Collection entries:

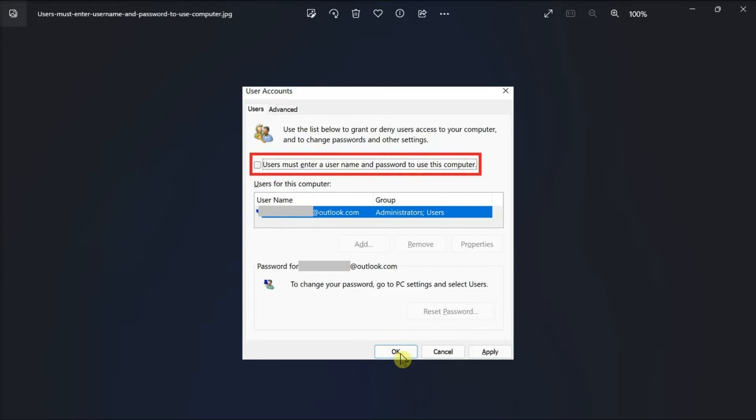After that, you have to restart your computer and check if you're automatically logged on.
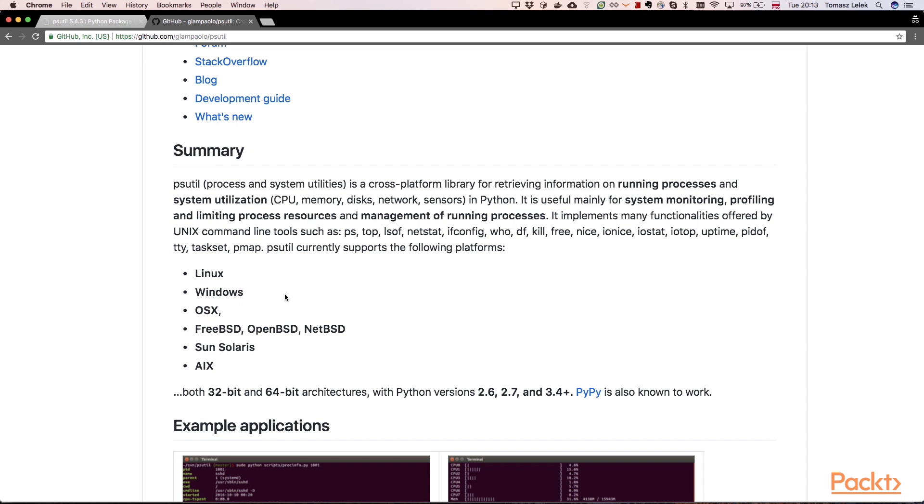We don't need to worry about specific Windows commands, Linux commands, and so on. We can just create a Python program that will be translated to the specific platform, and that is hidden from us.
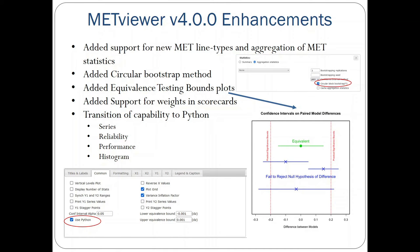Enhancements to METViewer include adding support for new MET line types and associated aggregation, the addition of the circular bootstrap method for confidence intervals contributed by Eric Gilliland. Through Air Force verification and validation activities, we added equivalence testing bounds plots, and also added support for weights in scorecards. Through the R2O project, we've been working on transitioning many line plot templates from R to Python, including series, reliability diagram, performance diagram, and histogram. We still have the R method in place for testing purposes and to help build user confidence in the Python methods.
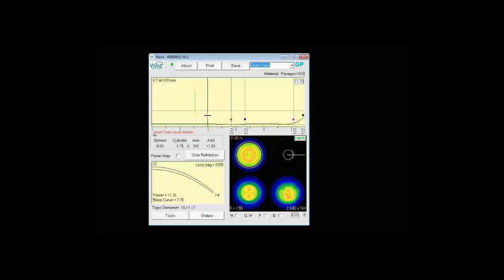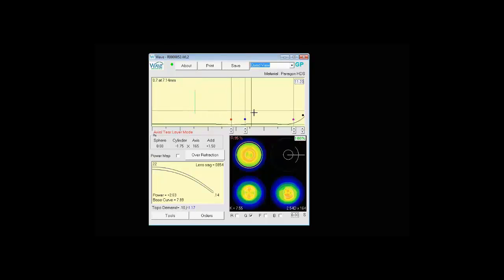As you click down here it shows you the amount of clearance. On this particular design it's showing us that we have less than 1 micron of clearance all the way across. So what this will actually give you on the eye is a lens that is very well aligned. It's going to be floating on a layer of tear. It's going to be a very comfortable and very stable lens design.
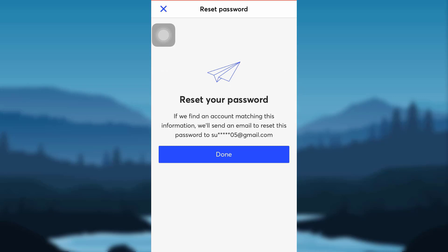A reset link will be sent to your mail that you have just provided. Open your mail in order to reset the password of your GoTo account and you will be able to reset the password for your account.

TRY IT: Set down exactly the lines of the entries above from the one holding "Enhancements to METViewer" through the last one, including both, with the pictures left out.

SOLVED EXERCISE:
Enhancements to METViewer include adding support for new MET line types and associated aggregation, the addition of the circular bootstrap method for confidence intervals contributed by Eric Gilliland. Through Air Force verification and validation activities, we added equivalence testing bounds plots, and also added support for weights in scorecards. Through the R2O project, we've been working on transitioning many line plot templates from R to Python, including series, reliability diagram, performance diagram, and histogram. We still have the R method in place for testing purposes and to help build user confidence in the Python methods.
As you click down here it shows you the amount of clearance. On this particular design it's showing us that we have less than 1 micron of clearance all the way across. So what this will actually give you on the eye is a lens that is very well aligned. It's going to be floating on a layer of tear. It's going to be a very comfortable and very stable lens design.
A reset link will be sent to your mail that you have just provided. Open your mail in order to reset the password of your GoTo account and you will be able to reset the password for your account.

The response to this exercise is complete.